This week, we are looking at silencing your inner critic. That pesky little voice that constantly judges, reprimands, analyses and tells you a whole load of stuff that stops you before you even get started. I was inspired to write about this after I heard a radio program during Mental Health Week. The people being interviewed for this were all comedians, with Mike King the best known. For those not in NZ, he is a very successful comedian in NZ, a broadcasting star and highly thought off. He has suffered major mental health issues himself and is now an educator about Mental Health. He spoke about his Inner Critic and how much it berated him for being useless, hopeless, that he would never amount to anything and that he just wasn’t good enough.
How could someone successful like him, be thinking that way? It made me realise what a liar our inner critics are. Obviously, Mike King’s inner critic got it so wrong. That goes for all of us, that voice is just not true though sadly, we believe what that little bugger tells us.
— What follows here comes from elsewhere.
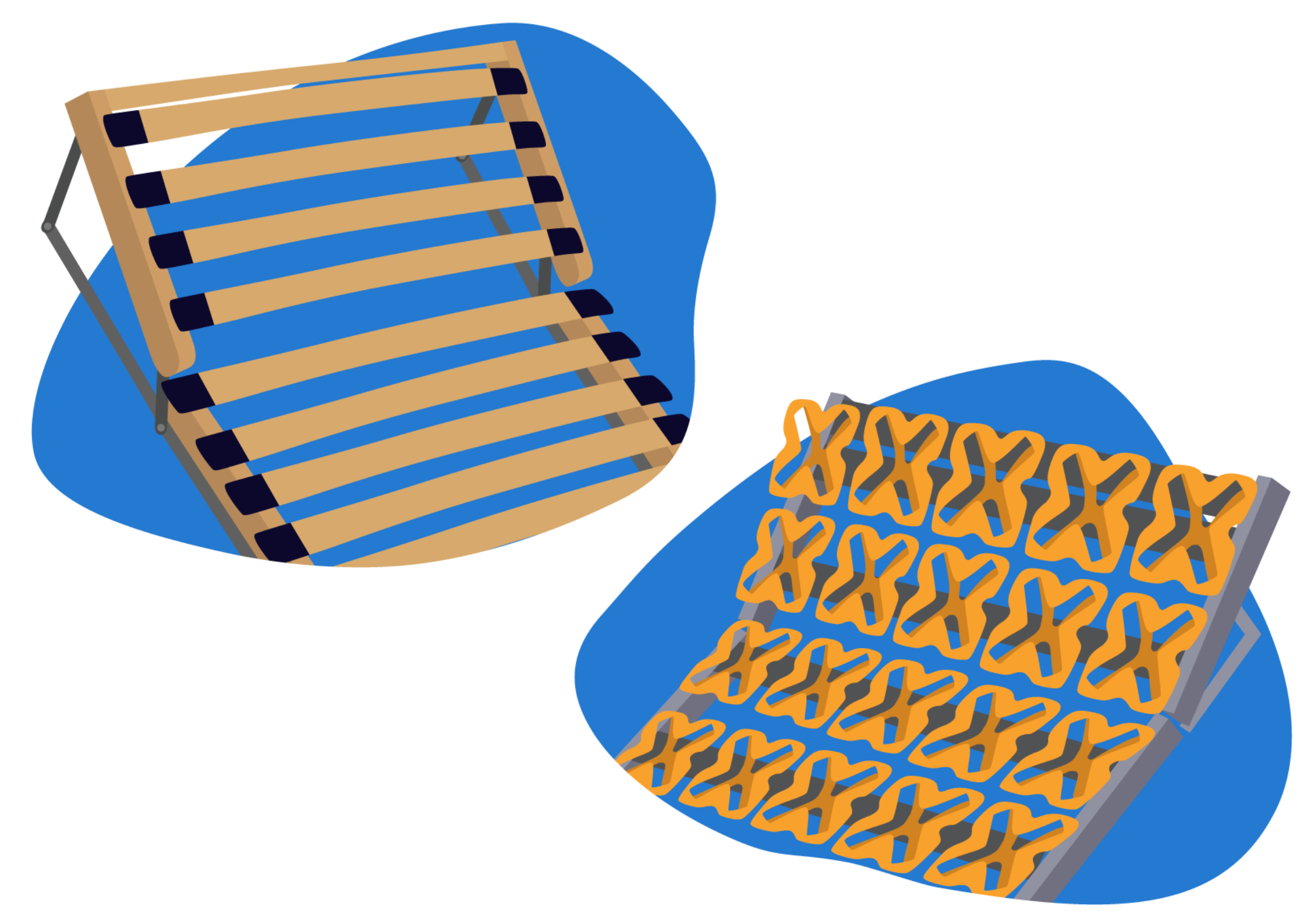 types sommier lit jumeau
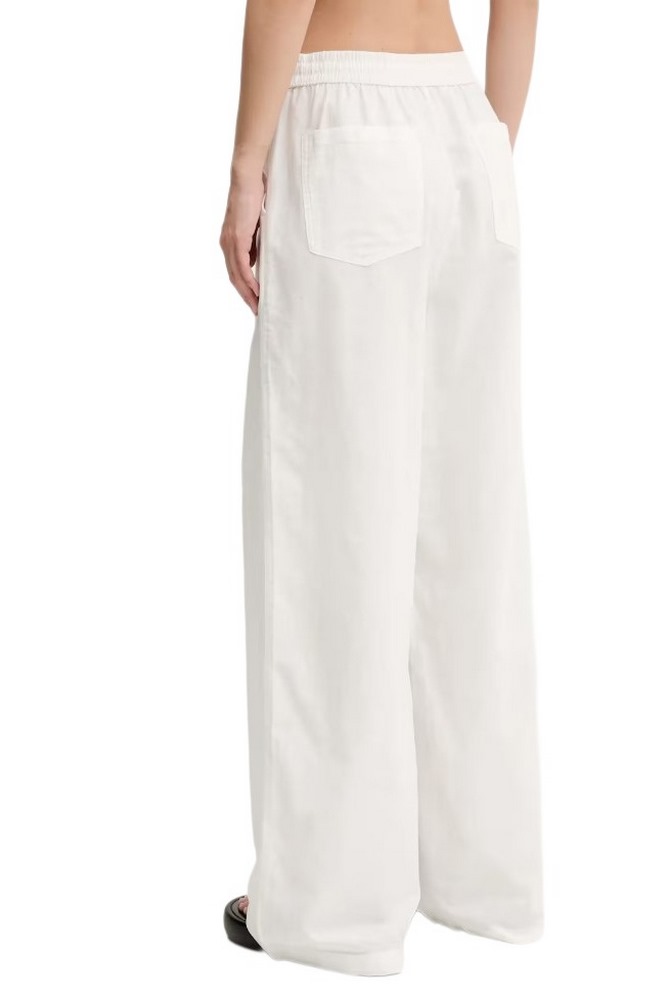 TOMMY JEANS LINEN PANT ΠΑΝΤΕΛΟΝΙ ΓΥΝΑΙΚΕΙΟ OFF WHITE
How is it for you? Do you have a powerful Inner Critic going on in you? Is it a constant voice in your head, saying “you could have done better, you should have done better, you idiot!” Welcome to the world of being a human. Even the most successful people can have this going on. It’s a miracle any of us can get out of bed every morning, with that lot going on in our heads. Let’s practise silencing that hideous little tyrant voice this week. Here are some ways to get started:
5 ways to silence the inner critic
- Find out what is going on. Keep a journal and write down all the negative messages you give yourself. Notice when it happens, why it happens, where did this voice start, who does it sound like? (Most of this stems from messages we were given in our childhood.) Don’t judge that voice, just find out about it with curiosity.
- Write down how it makes you feel. Is there a payoff for you in thinking these thoughts, e.g. it keeps you safe from trying new things maybe.
- Write down what things you would do without this inner voice holding you back.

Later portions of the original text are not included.